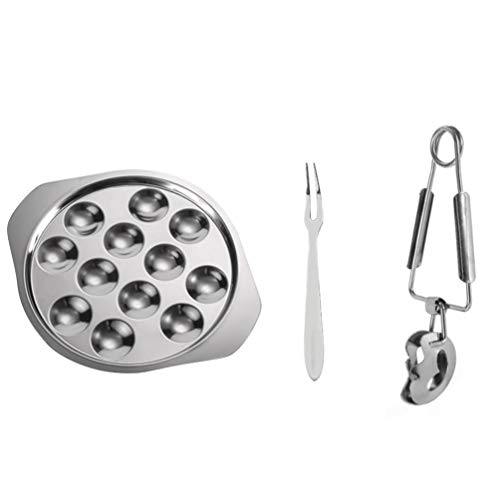 Cabilock Escargot Dining Set 12 Compartment Holes Snail Escargot Plate Tong Fork Set Oyster Serving Trays Stainless Steel Oyster Pan Shell Shaped Dishes for Lemons Sauce Oysters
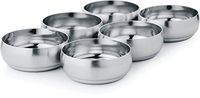 King International 100% Stainless Steel Heavy Belly bowl Bulging Bowl Bulging Katori Set of 6 Pieces,Solid and Durable, Mirror & Brushed Finish, Flat Bottom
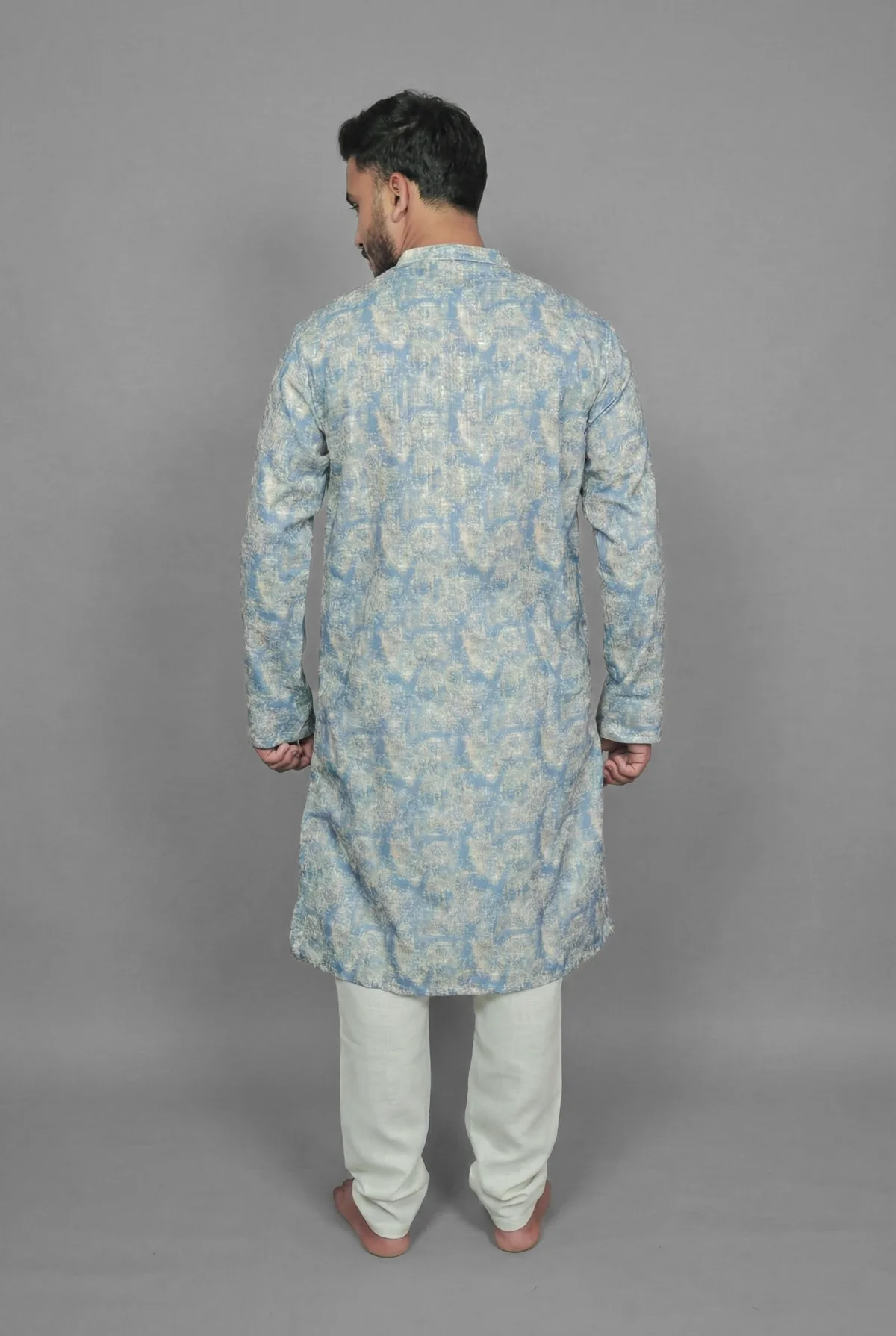 Indigo Wave Blue Kurta Detail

Your objective
Copy the whole listing exactly, excluding the pictures in it.

Reply to the task
 Cabilock Escargot Dining Set 12 Compartment Holes Snail Escargot Plate Tong Fork Set Oyster Serving Trays Stainless Steel Oyster Pan Shell Shaped Dishes for Lemons Sauce Oysters
 King International 100% Stainless Steel Heavy Belly bowl Bulging Bowl Bulging Katori Set of 6 Pieces,Solid and Durable, Mirror & Brushed Finish, Flat Bottom
 Indigo Wave Blue Kurta Detail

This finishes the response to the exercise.